### Problem requirements
Leave out the pictures and give back all the entries exactly as written.

### Task input
>>>>
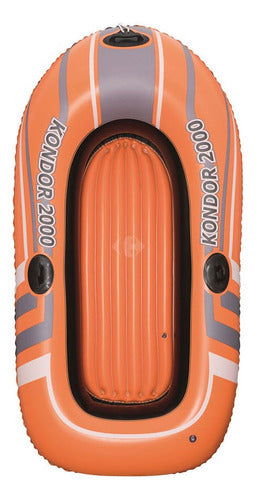 Bote Inflable Con Remos Kondor 2000 Bestaway 0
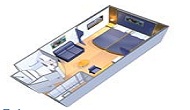 Photo cabine Legend of the seas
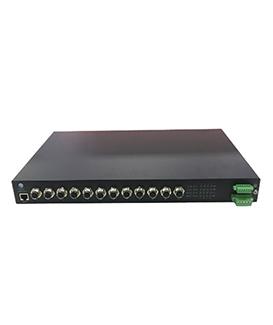 IS6000-6012RL-4GM12 Series IP54 Managed Layer 2 Industrial Car Ethernet Switch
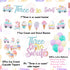 Three Is So Sweet Ice Cream Party Decorations - Banner, Cake, Cupcake Toppers, Macaron, Balloons for Donut Theme Third
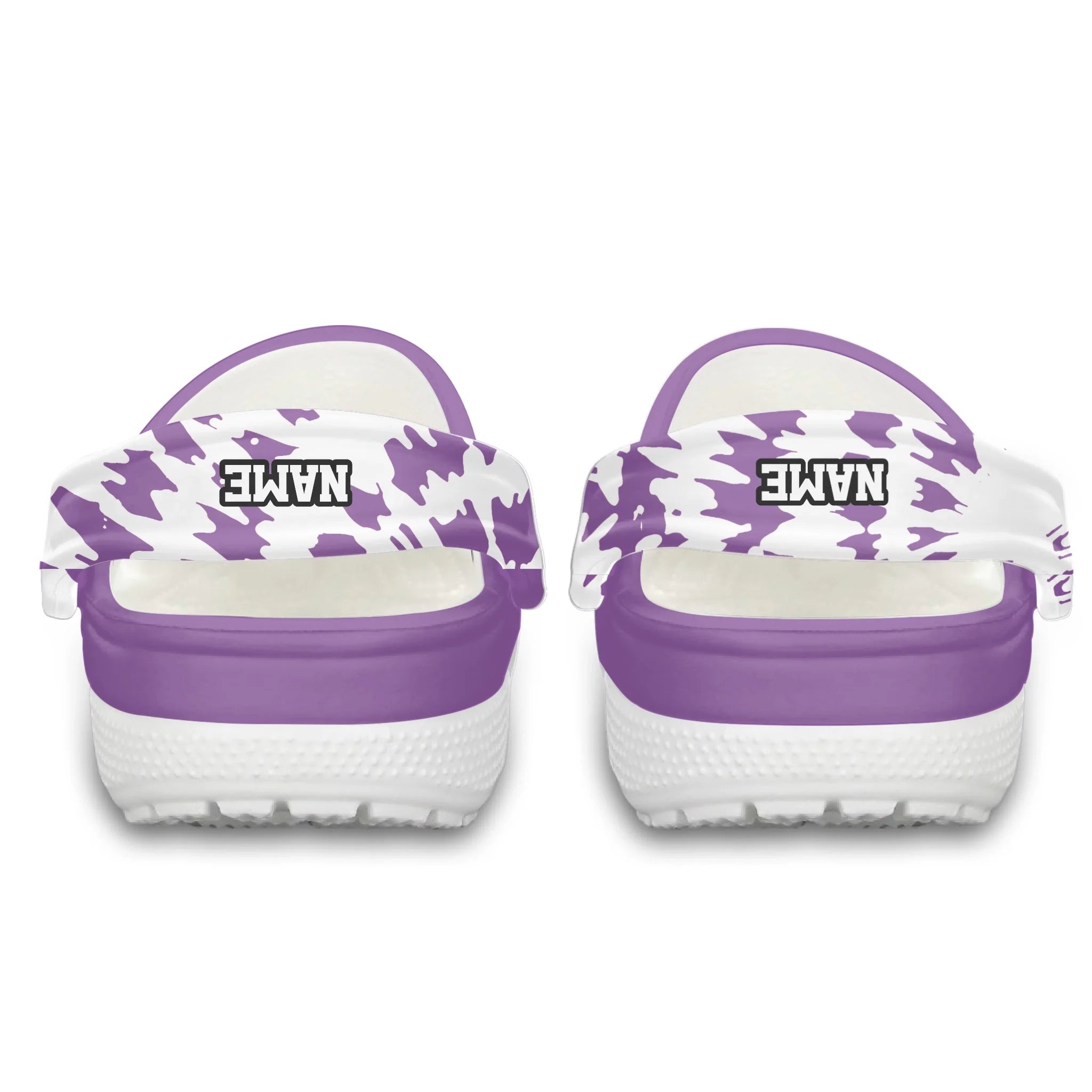 Merchidea Purple Tie-Dye Basketball Sport Crocs Crocband Clogs Shoes Comfortable For Men Women and Kids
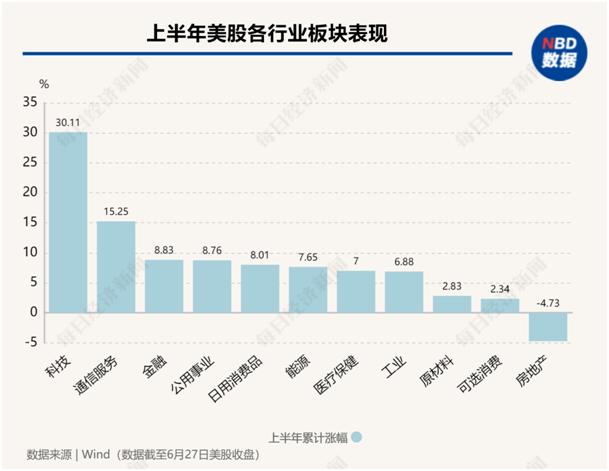 美股年中盘点：“七巨头”分化，英伟达飙升156%，特斯拉大跌20%！还有一只隐藏的“大牛股”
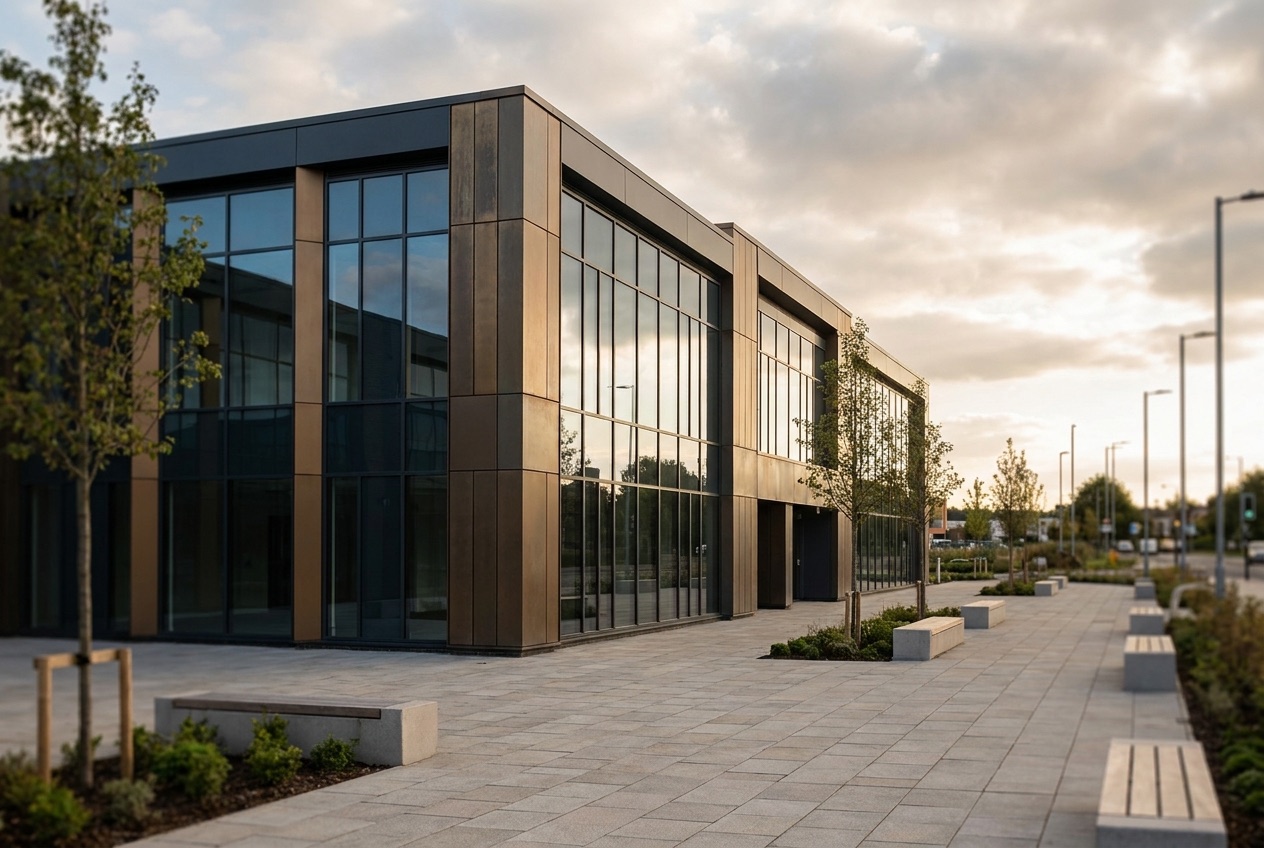 Commercial building exterior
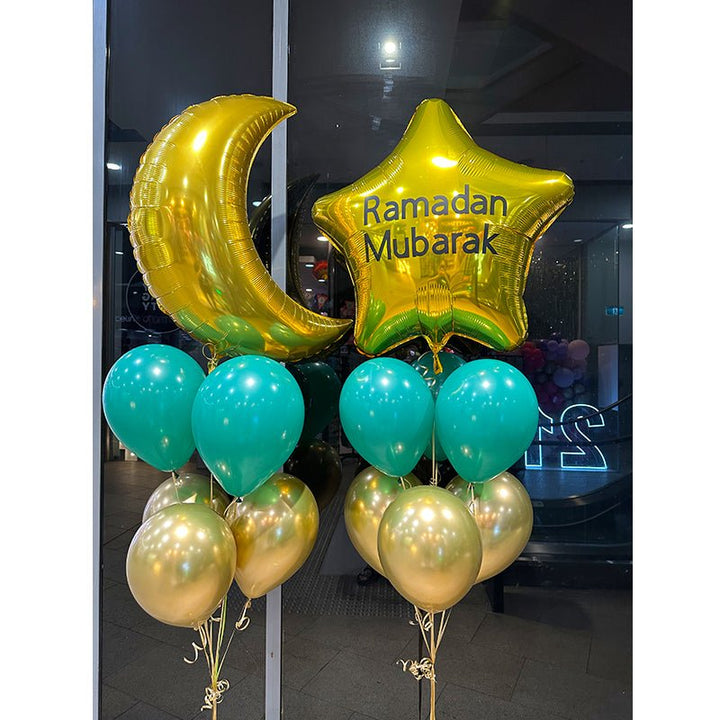 Ramadan Helium Balloon Bouquet - Everything Party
<<<<
### Task solution
 Bote Inflable Con Remos Kondor 2000 Bestaway 0
 Photo cabine Legend of the seas
 IS6000-6012RL-4GM12 Series IP54 Managed Layer 2 Industrial Car Ethernet Switch
 Three Is So Sweet Ice Cream Party Decorations - Banner, Cake, Cupcake Toppers, Macaron, Balloons for Donut Theme Third
 Merchidea Purple Tie-Dye Basketball Sport Crocs Crocband Clogs Shoes Comfortable For Men Women and Kids
 美股年中盘点：“七巨头”分化，英伟达飙升156%，特斯拉大跌20%！还有一只隐藏的“大牛股”
 Commercial building exterior
 Ramadan Helium Balloon Bouquet - Everything Party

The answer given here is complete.